Von Kanada in die USA – Michigan, Lake Superior, Minnesota


Zunächst herzlichen Dank an alle, die Ihre Meinung zu der Art des letzten Berichts (kürzerer Text, mehr Bilder) kundgetan haben. Wie ich es schon fast erwartet hatte, erfassten Eure Meinungen die volle Bandbreite, wobei die Tendenz doch etwas mehr zu reichhaltigerem Text neigte. Also versuche ich, den goldenen Mittelweg zu finden. Schauen wir mal, ob es mir gelingt.

Bei Sarnia verließen wir Kanada und reisten zum ersten Mal per eigenem Auto in die USA ein. Die Grenzabfertigung verlief völlig problemlos. Wir wurden nach einer Adresse in den USA gefragt, wo wir bleiben wollten. Es reichte als Antwort, dass wir mit unserem Camper durchs Land reisen wollen. Wieder einmal wurden unsere Fingerabdrücke gescannt. Außerdem wollte die Dame vom Zoll wissen, ob wir Fleisch, Früchte und Ähnliches im Auto hätten, was wir natürlich verneinten. Wie schon bei der Einreise nach Kanada erfolgte die Kontrolle ohne unser Beisein. Natürlich fand die Dame nichts (weil wir alles gut versteckt hatten ;-) ). Nach 20 Minuten rollten wir auf US-amerikanischen Boden.

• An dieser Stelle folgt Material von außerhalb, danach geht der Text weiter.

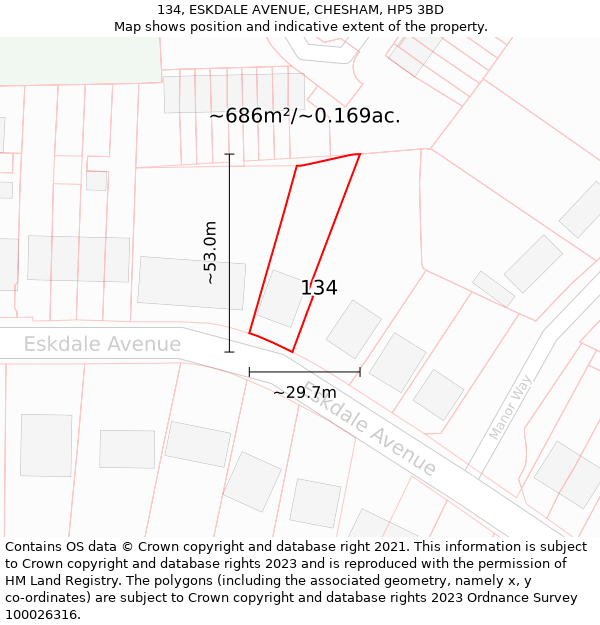 134, ESKDALE AVENUE, CHESHAM, HP5 3BD: Plot and title map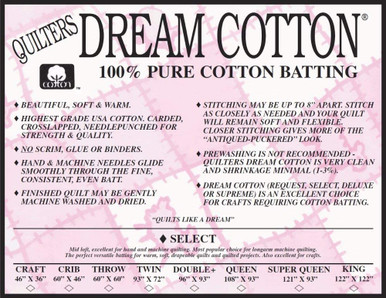 1/2m Quilters Dream - Cotton Batting - Select Natural - 93 wide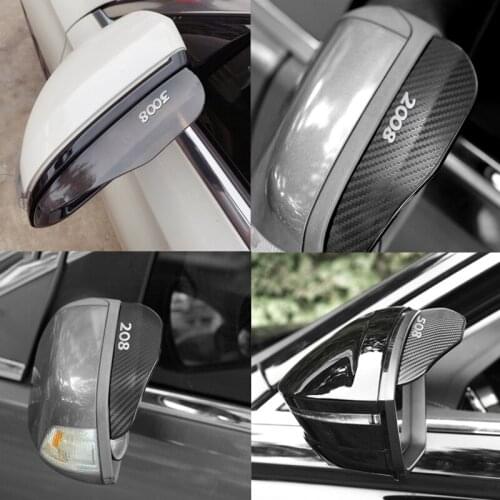 Car Rearview Mirror Rain Eyebrow Rain Shield Shade Protector Cover for Peugeot 206 207 208 306 307 308 407 408 508 2008 3008
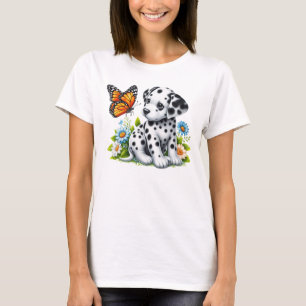 Schattigee Dalmatische/Vlinder vrienden T-shirt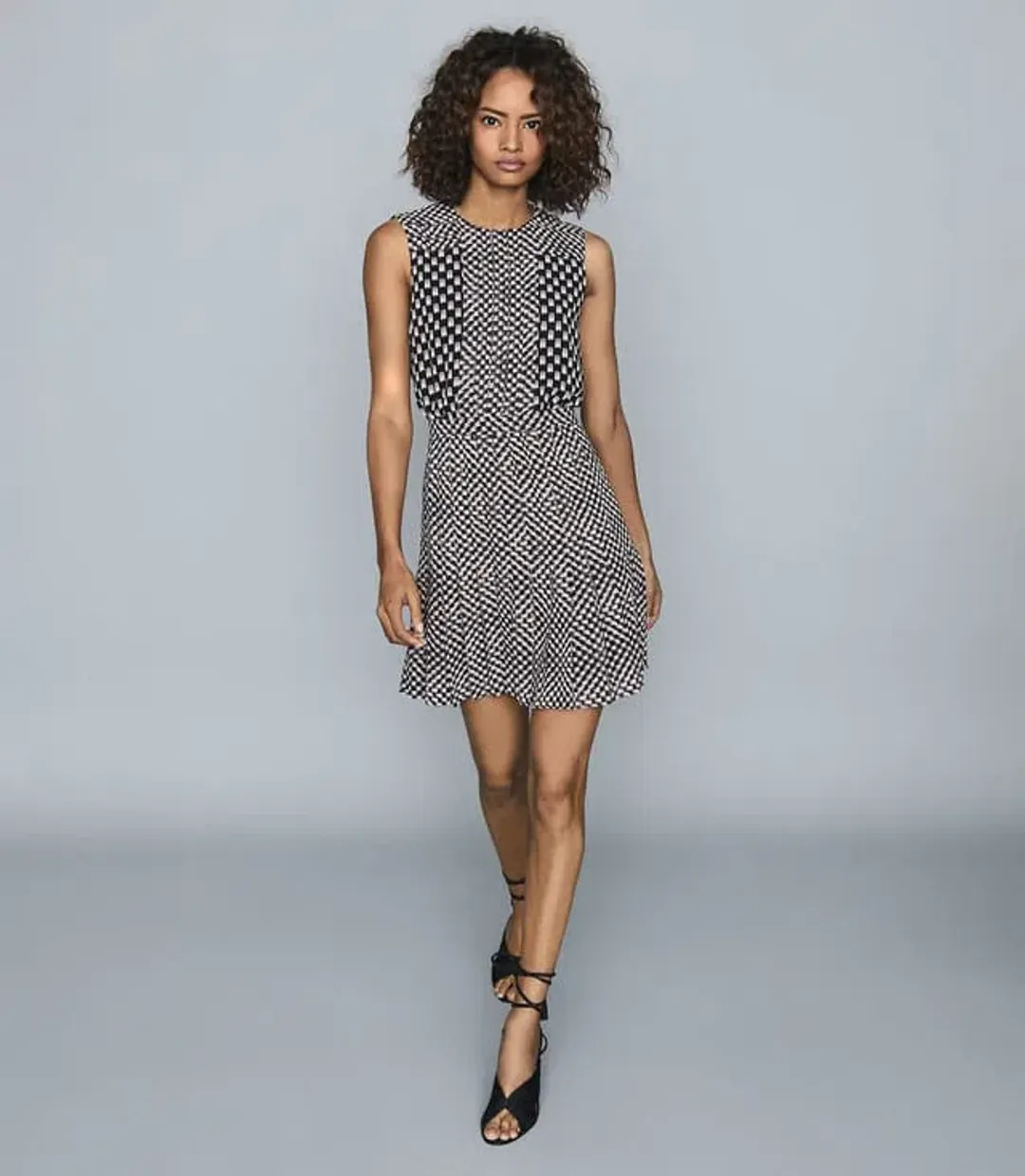 Reiss Nancy Mini Dress Black Print Size 8 for rent on The Volte - main image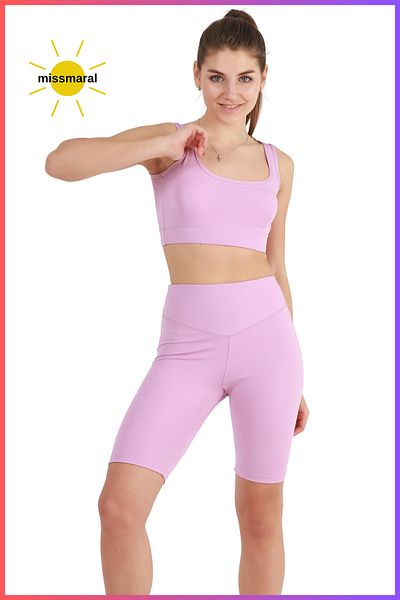missmaral Women's Set Recovery Short Shorts Leggings And Sports Bustier Lilac Color New Season Activewear 13070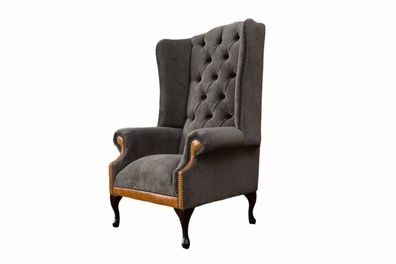 Ohrensessel Chesterfield Sofa Couch Polster 1 Sitzer Sessel Textil Grau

Unser erstes Ziel in den USA lautete Lapeer, eine Kleinstadt nördlich von Detroit. Dort betreibt mein ehemaliger Arbeitgeber, die KAMAX-Werke, einen Zweigbetrieb. Da wir nun hier in der Nähe waren, wollte ich das auch sehen. Staunend stand ich vor einem modernen, erst vor zwei Jahren errichteten Werksgebäude. Davor wehten die US- und die deutsche Flagge. Drinnen wurde ich von einer sehr netten Empfangsdame begrüßt, die mich auch gleich zu einem ihrer Chefs geleitete. Uns wurde sogar ein Rundgang durch den Betrieb angeboten. Es hätte mich schon interessiert, wie hier Schrauben produziert werden, doch es war schon früher Nachmittag, und wir wollten noch einige Kilometer zurücklegen. Ich hinterließ eine Ansichtskarte von Alsfeld mit Grüßen an alle KAMAX-Kollegen in Lapeer und verabschiedete mich wieder. Wahrscheinlich war ich der erste (ehemalige) deutsche KAMAX-Mitarbeiter, der hier mit dem eigenen Auto vorgefahren ist.

KAMAX-Werke in Lapeer


Auch auf der US-Seite des Lake Huron ist es praktisch unmöglich, einen Platz zum wilden Campen zu finden, weil scheinbar jeder Meter der Uferlinie irgendjemandem gehört. Deshalb übernachteten wir einmal auf einem Campingplatz und danach in einem Wohnmobil-Park. Dort wirkte unser Gecko zwischen all den riesigen Caravans Wohnmobilen so groß wie Reisebusse doch recht winzig.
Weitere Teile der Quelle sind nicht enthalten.